**ACTIVITY:**
Leaving the pictures aside, return all of the data below exactly.

**RECORDED INFORMATION:**

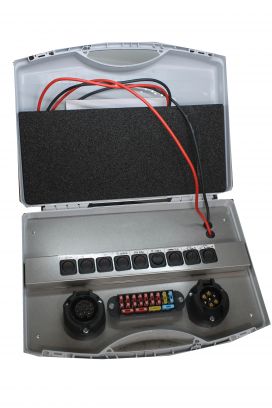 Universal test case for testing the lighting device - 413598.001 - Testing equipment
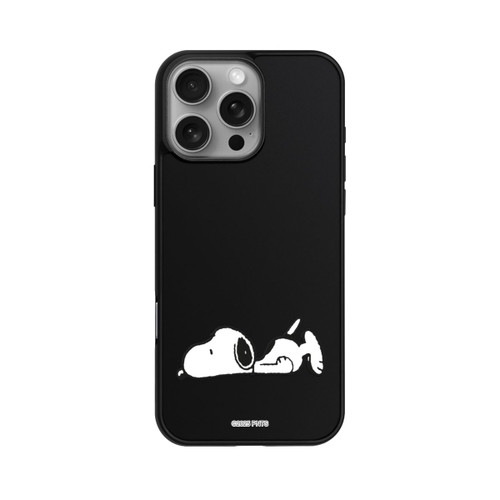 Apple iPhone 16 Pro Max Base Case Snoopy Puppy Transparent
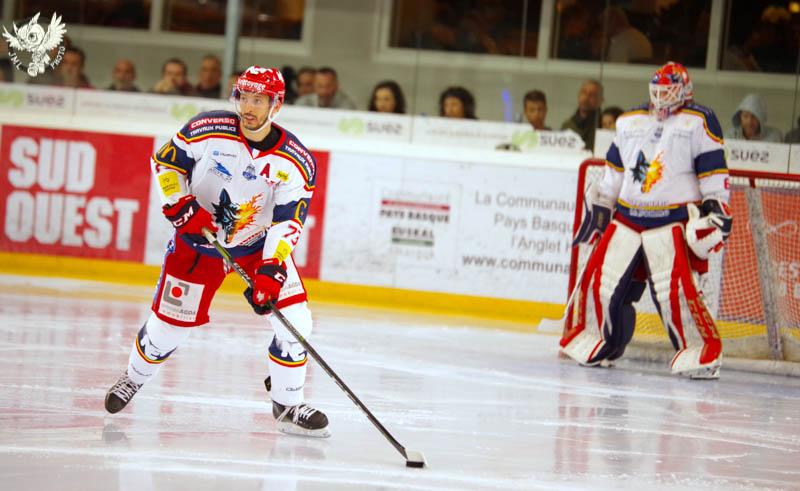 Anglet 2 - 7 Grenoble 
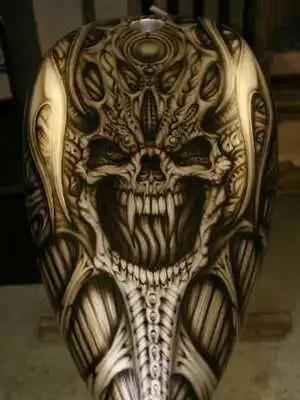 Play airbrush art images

**ANSWER SPACE:**
 Universal test case for testing the lighting device - 413598.001 - Testing equipment
 Apple iPhone 16 Pro Max Base Case Snoopy Puppy Transparent
 Anglet 2 - 7 Grenoble 
 Play airbrush art images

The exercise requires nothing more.